The performance of the supplemented ATSDR chemicals and mixtures further confirmed the selective nature of GFP-ARER chromatin binding (Supplemental Figure 3). Of the 53 individual chemicals, only bisphenol C (BPC) induced a strong nuclear translocation response (65% of DHT response). Other chemicals (bisphenol F, tetramethyl-bisphenol A) and mixtures (AC50 mx, CAT APP) were able to induce a weak nuclear translocation response (10-12% of DHT response). None of the individual chemicals or mixtures were able to induce chromatin binding, suggestive of minimal androgenic activity in the supplemented ATSDR reference set of individual chemicals or complex mixtures.

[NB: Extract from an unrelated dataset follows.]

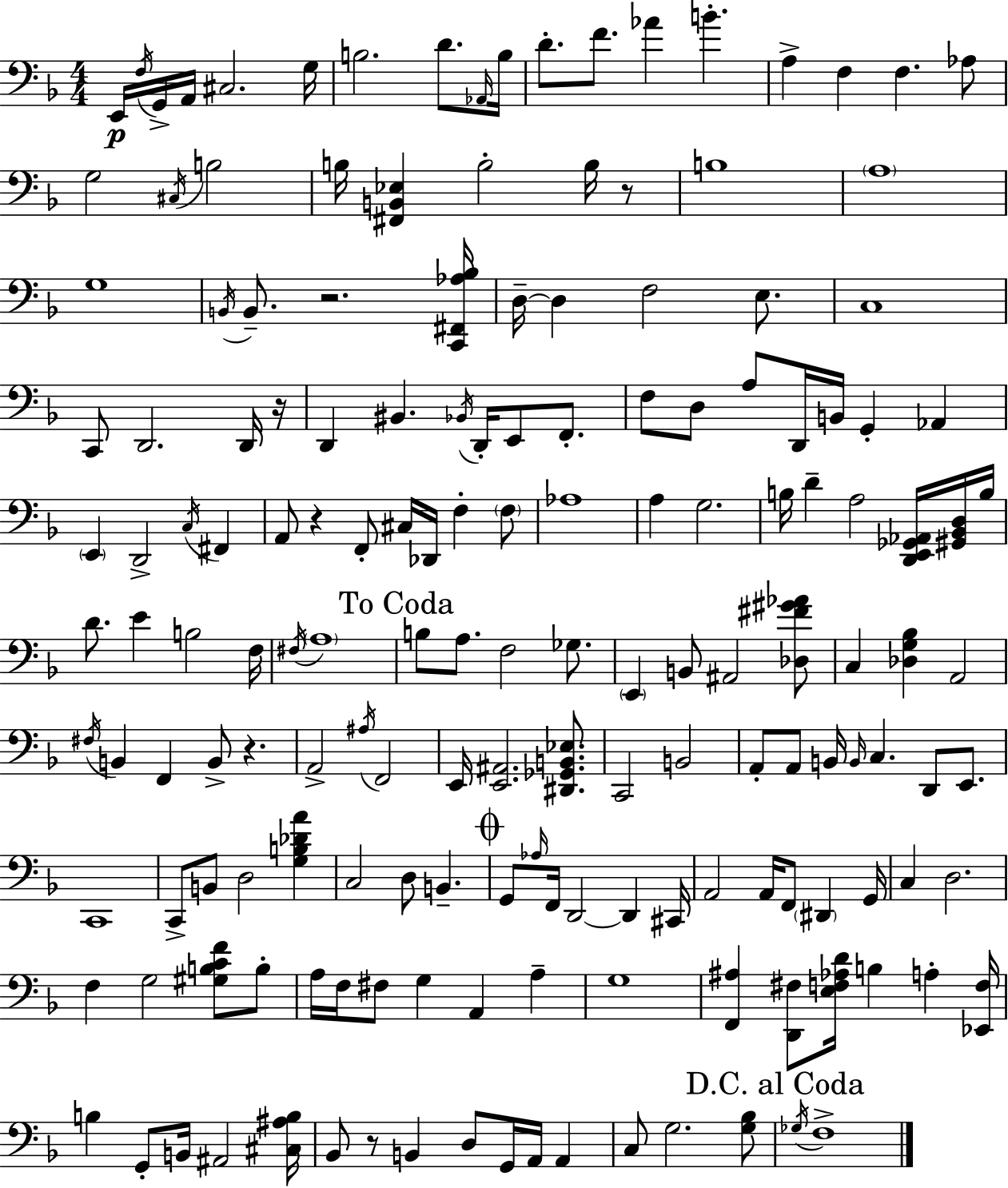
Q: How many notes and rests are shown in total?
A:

To understand the relationships between the observed responses, we compiled nuclear translocation, chromatin binding, and receptor stabilization metric AUC data from active chemicals/mixtures. All data is standardized to a range based on vehicle and DHT controls and clustered using a k-means algorithm (Figure 4). Cluster 1 contains chemicals that induced a high AUC score for nuclear translocation, chromatin binding, and receptor stabilization. It contains 5alpha-dihydrotesterone and 17-methyltestosterone, the only two strong/moderate AR agonist in the chemicals tested (Supplemental Table 1).

Figure 4.

Figure 4.

Unsupervised clustering of GFP-ARER endpoints of active chemicals. Normalized AUC scores from active chemicals identified in either the EPA or ATSDR reference sets were clustered using a K-means based algorithm. All inactive scores (< 0.1) were set to zero to improve clustering performance and visualization. Both the chemicals and endpoints were clustered.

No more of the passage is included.